Oregon State University
Research involving Oregon State University has shown that a "swarm" of more than 100 autonomous ground and aerial robots can be supervised by one person without subjecting the individual to an undue workload.
The findings represent a big step toward efficiently and
economically using swarms in a range of roles from wildland firefighting to
package delivery to disaster response in urban environments.
"We don't see a lot of delivery drones yet in the
United States, but there are companies that have been deploying them in other
countries," said Julie A. Adams of the OSU College of Engineering.
"It makes business sense to deploy delivery drones at a scale, but it will require a single person be responsible for very large numbers of these drones. I'm not saying our work is a final solution that shows everything is OK, but it is the first step toward getting additional data that would facilitate that kind of a system."
The results, published in Field Robotics, stem
from the Defense Advanced Research Project Agency' program known as OFFSET,
short for Offensive Swarm-Enabled Tactics.

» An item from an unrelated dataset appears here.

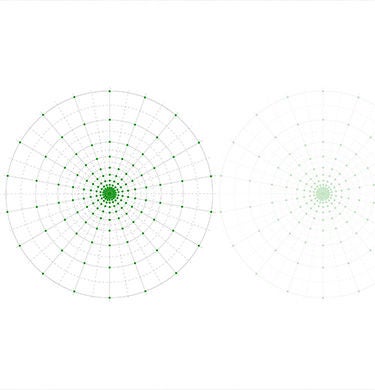 Graphical representation of the Nelder circles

Adams was part of a group that received an OFFSET grant
in 2017.
During the course of the four-year project, researchers
deployed swarms of up to 250 autonomous vehicles -- multi-rotor aerial drones,
and ground rovers -- able to gather information in "concrete canyon"
urban surroundings where line-of-sight, satellite-based communication is
impaired by buildings.
The information the swarms collect during their missions
at military urban training sites have the potential to help keep U.S. troops
and civilians more safe.
Adams was a co-principal investigator on one of two swarm
system integrator teams that developed the system infrastructure and integrated
the work of other teams focused on swarm tactics, swarm autonomy, human-swarm
teaming, physical experimentation and virtual environments.

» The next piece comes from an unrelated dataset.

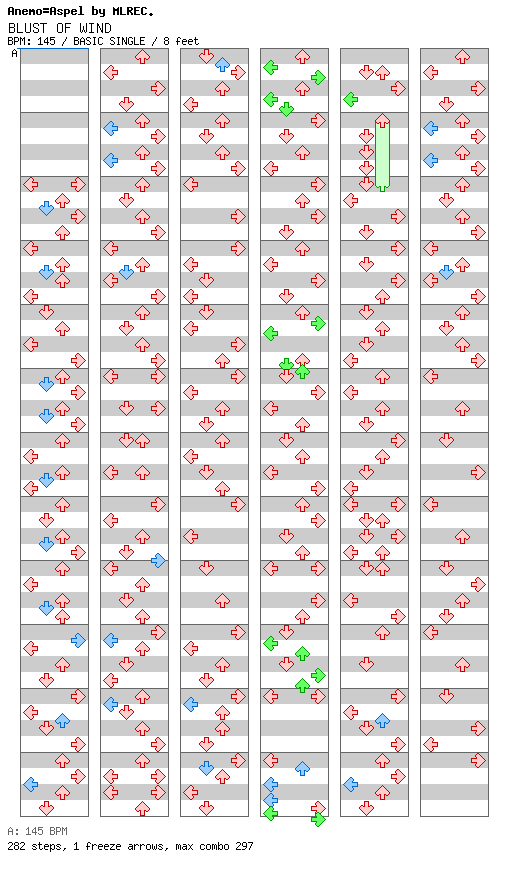 BLUST OF WIND / 4 / BASIC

"The project required taking off-the-shelf
technologies and building the autonomy needed for them to be deployed by a
single human called the swarm commander," said Adams, the associate
director for deployed systems and policy at OSU's Collaborative Robotics and
Intelligent Systems Institute.
"That work also required developing not just the
needed systems and the software, but also the user interface for that swarm
commander to allow a single human to deploy these ground and aerial
systems."
Collaborators with Smart Information Flow Technologies
developed a virtual reality interface called I3 that lets the commander control
the swarm with high-level directions.
"The commanders weren't physically driving each
individual vehicle, because if you're deploying that many vehicles, they can't
-- a single human can't do that," Adams said.

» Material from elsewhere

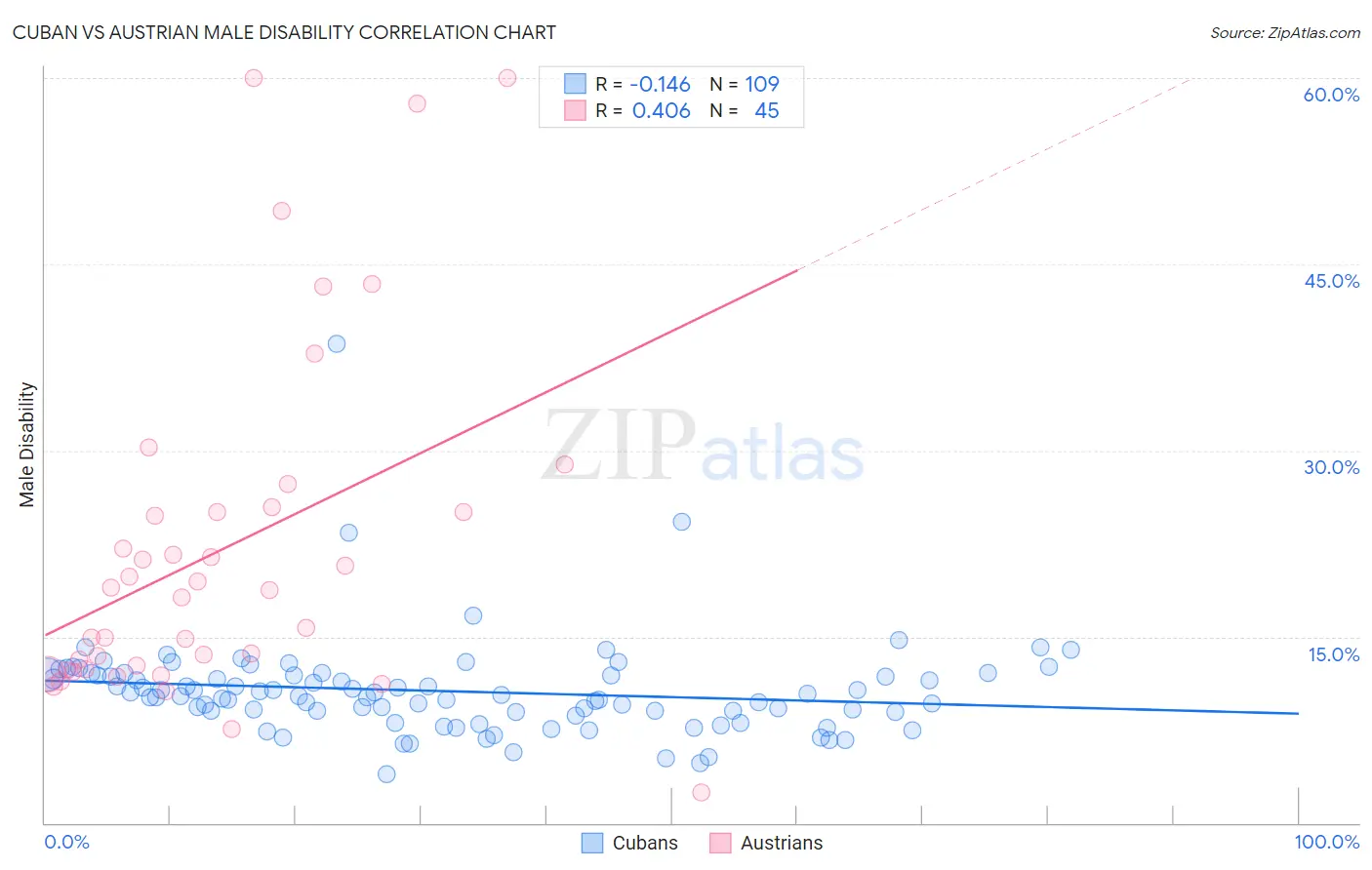 Cuban vs Austrian Male Disability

"The idea is that the swarm commander can select a
play to be executed and can make minor adjustments to it, like a quarterback
would in the NFL. The objective data from the trained swarm commanders
demonstrated that a single human can deploy these systems in built
environments, which has very broad implications beyond this project."
Testing took place at multiple Department of Defense
Combined Armed Collective Training Facilities.
Each multiday field exercise introduced additional
vehicles, and every 10 minutes swarm commanders provided information about
their workload and how stressed or fatigued they were.
During the final field exercise, featuring more than 100
vehicles, the commanders' workload levels were also assessed through
physiological sensors that fed information into an algorithm that estimates
someone's sensory channel workload levels and their overall workload.
"The swarm commanders' workload estimate did cross the overload threshold frequently, but just for a few minutes at a time, and the commander was able to successfully complete the missions, often under challenging temperature and wind conditions," Adams said.